The same thing happens to teams, just distributed across every engineer and far slower to surface.
Picture a pool that's slowly losing water - not from a visible leak or a dramatic rupture, but seeping steadily through a hairline crack somewhere in the foundation. The water level drops a fraction of an inch every day. The pool still looks fine, people are still swimming, and your metrics say everything is normal. And then one morning, without any single event you can point to, the water is too shallow to dive in.

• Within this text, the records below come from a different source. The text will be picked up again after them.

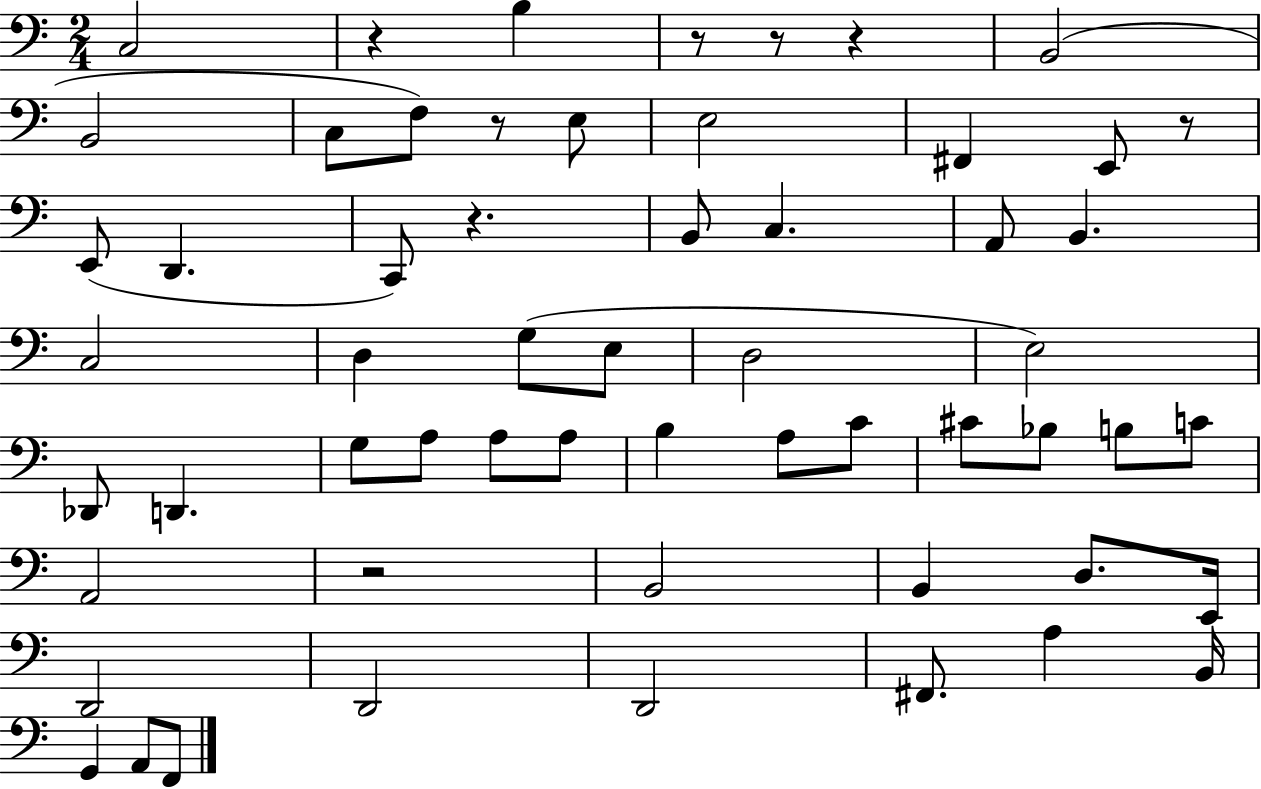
X:1
T:Untitled
M:2/4
L:1/4
K:C
C,2 z B, z/2 z/2 z B,,2 B,,2 C,/2 F,/2 z/2 E,/2 E,2 ^F,, E,,/2 z/2 E,,/2 D,, C,,/2 z B,,/2 C, A,,/2 B,, C,2 D, G,/2 E,/2 D,2 E,2 _D,,/2 D,, G,/2 A,/2 A,/2 A,/2 B, A,/2 C/2 ^C/2 _B,/2 B,/2 C/2 A,,2 z2 B,,2 B,, D,/2 E,,/4 D,,2 D,,2 D,,2 ^F,,/2 A, B,,/4 G,, A,,/2 F,,/2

That's what AI coding agents are doing to your team's system knowledge right now. Engineers aren't losing their skills or becoming less capable overnight. They're shipping more than ever. But every time a coding agent writes a solution that an engineer accepts without fully reconstructing the reasoning, a small amount of system understanding fails to form. Every time a PR merges because tests passed and the AI flagged it as low risk - without anyone articulating why the approach was chosen over alternatives - a small piece of design rationale goes uncaptured. Multiply that across multiple teams, across months, and you get an organization that is objectively shipping faster while quietly losing its collective ability to understand, extend, and confidently change what it's building.

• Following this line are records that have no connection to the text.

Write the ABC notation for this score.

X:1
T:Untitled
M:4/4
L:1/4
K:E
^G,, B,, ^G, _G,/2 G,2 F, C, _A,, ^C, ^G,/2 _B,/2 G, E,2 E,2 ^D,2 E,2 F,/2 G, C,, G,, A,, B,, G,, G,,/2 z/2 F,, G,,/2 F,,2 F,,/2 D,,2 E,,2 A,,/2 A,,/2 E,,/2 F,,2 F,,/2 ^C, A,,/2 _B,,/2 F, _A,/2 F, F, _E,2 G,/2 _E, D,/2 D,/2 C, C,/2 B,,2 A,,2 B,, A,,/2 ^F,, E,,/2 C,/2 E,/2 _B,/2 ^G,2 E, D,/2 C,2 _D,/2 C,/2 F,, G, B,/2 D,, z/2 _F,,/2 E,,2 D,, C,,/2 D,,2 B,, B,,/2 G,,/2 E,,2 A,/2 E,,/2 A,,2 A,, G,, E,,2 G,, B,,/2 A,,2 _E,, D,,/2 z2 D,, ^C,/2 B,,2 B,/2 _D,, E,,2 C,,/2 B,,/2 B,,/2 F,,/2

There's a term for this phenomenon - cognitive debt, or cognitive drain. Like reaching for a memory and finding nothing there, most engineering leaders won't notice the loss until the water is already too low.
The Old Risk Had a Face
Even before the prevalence of AI in software development, institutional or tribal knowledge lived in the heads of engineers. It's the type of knowledge that can't be downloaded: the accumulation of experiences building an organization's systems, solving problems, and making mistakes. It's also a well-known risk - one that leaders have been working to mitigate for years, under the label 'bus factor' (or 'win the lottery factor', as I like to reframe it).

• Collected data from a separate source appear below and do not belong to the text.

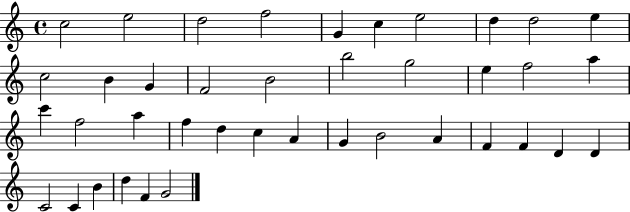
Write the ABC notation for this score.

X:1
T:Untitled
M:4/4
L:1/4
K:C
c2 e2 d2 f2 G c e2 d d2 e c2 B G F2 B2 b2 g2 e f2 a c' f2 a f d c A G B2 A F F D D C2 C B d F G2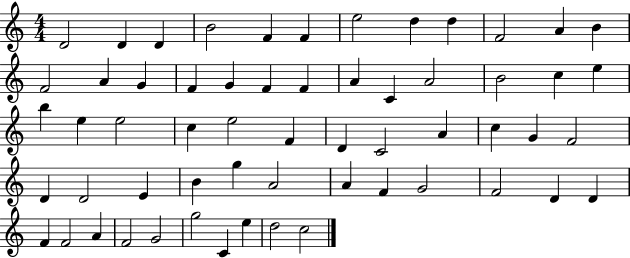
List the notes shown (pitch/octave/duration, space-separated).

D4/h D4/q D4/q B4/h F4/q F4/q E5/h D5/q D5/q F4/h A4/q B4/q F4/h A4/q G4/q F4/q G4/q F4/q F4/q A4/q C4/q A4/h B4/h C5/q E5/q B5/q E5/q E5/h C5/q E5/h F4/q D4/q C4/h A4/q C5/q G4/q F4/h D4/q D4/h E4/q B4/q G5/q A4/h A4/q F4/q G4/h F4/h D4/q D4/q F4/q F4/h A4/q F4/h G4/h G5/h C4/q E5/q D5/h C5/h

I experienced the acute version of this firsthand. When a principal engineer on my team announced he was leaving, the panic was immediate and unanimous. Everyone understood what was walking out the door with him. The question "what does this code do?" wasn't the concern - AI could help us with that. What we feared losing was the deeper tacit knowledge built over years in the trenches: why the service boundary between two components was drawn where it was, which integration assumptions had quietly become load-bearing, and what had been tried before the current architecture and why it failed. We scrambled to organize knowledge transfer sessions and record brain dumps. It helped, but it was reactive and fragile, triggered by a departure date and dependent on asking the right questions before the wrong moment.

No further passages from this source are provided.